With an expected lifetime of 41 years, the proposed Frontier project faces significant challenges as future world oil demand remains in question.
In last year’s long-term outlook for Canadian oilsands production, the industry-funded Calgary based Canadian Energy Research Institute (CERI) noted that supply costs for new stand-alone mines were over $70/barrel. CERI was frank about its projections for new projects, should oil prices remain low: “one can assume that these greenfield projects are not economic or [will] have to accept a lower rate of return.”
But the industry remains optimistic that oil prices will rise. CERI notes that “oil prices are expected to recover, [and] so will the profitability of oilsands projects.” Teck, too, has used optimistic projections in its assessments of the economic viability of the Frontier Mine.

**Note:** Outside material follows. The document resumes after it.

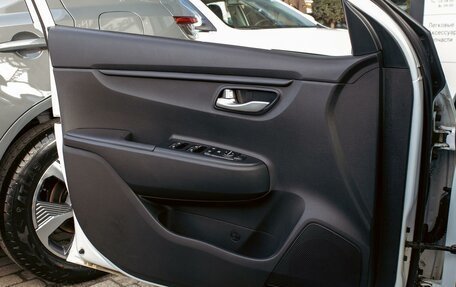 KIA Rio IV, 2019 год, 1 195 000 рублей, 12 фотография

In projections for the economic benefits of the project, the company used “an average long-term real oil price of US$95 per barrel for West Texas Intermediate” — a price not seen since 2014 — to calculate its base case for the economic impact of the project.

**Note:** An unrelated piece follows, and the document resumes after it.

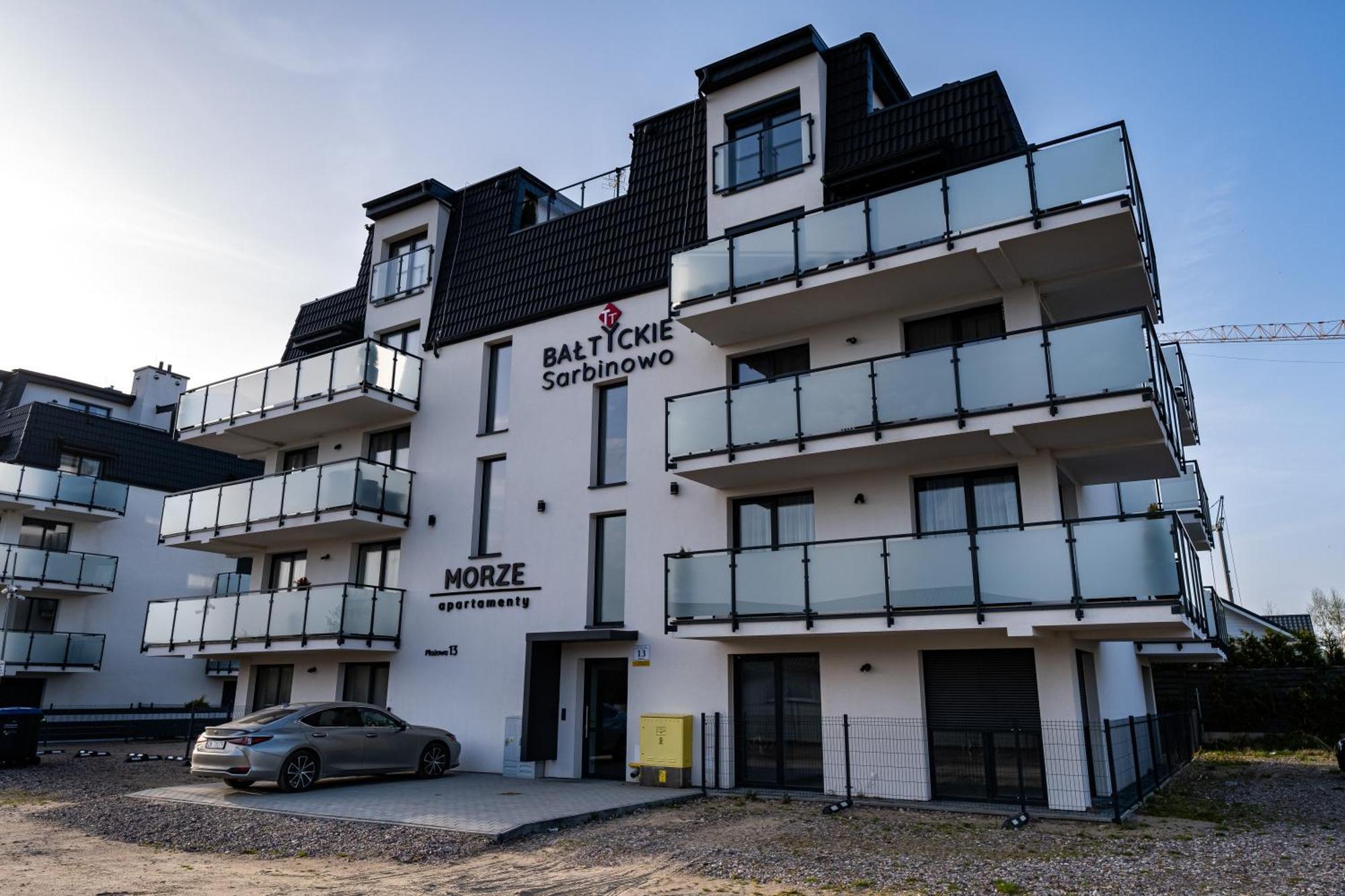 Apartment Morze,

“Prices are forecast to be US$80 to US$90 per barrel by 2020, and increasing thereafter,” Teck said in a 2016 submission. In its low-price scenario, Teck assumed an average WTI price $76.51 per barrel and a high-price scenario of $115 per barrel. As of this writing, the price for WTI crude oil was under $70 per barrel — and has been under $75 since November 2014.
One might wonder if Teck updated their projected oil prices since 2016, to reflect the lower oil prices we’ve been seeing in recent years.
The company declined to answer The Narwhal’s questions about the oil prices it uses in its current analyses, but bold economic promises on their website reflect that their projections have — if anything — actually increased.
In April 2016, Teck estimated the mine would contribute “property taxes, corporate taxes and royalties in the amount of $66 billion,” to be distributed between federal, provincial and municipal governments.
Now, two years later, their website advertises the “Frontier will contribute $55 billion in provincial royalties and taxes, $12 billion in federal corporate income and capital taxes, and $3.6 billion in municipal property taxes” — which suggests a slightly higher total of over $70 billion in economic benefits to governments.
It seems Teck continues to have faith that Frontier will be profitable in coming years.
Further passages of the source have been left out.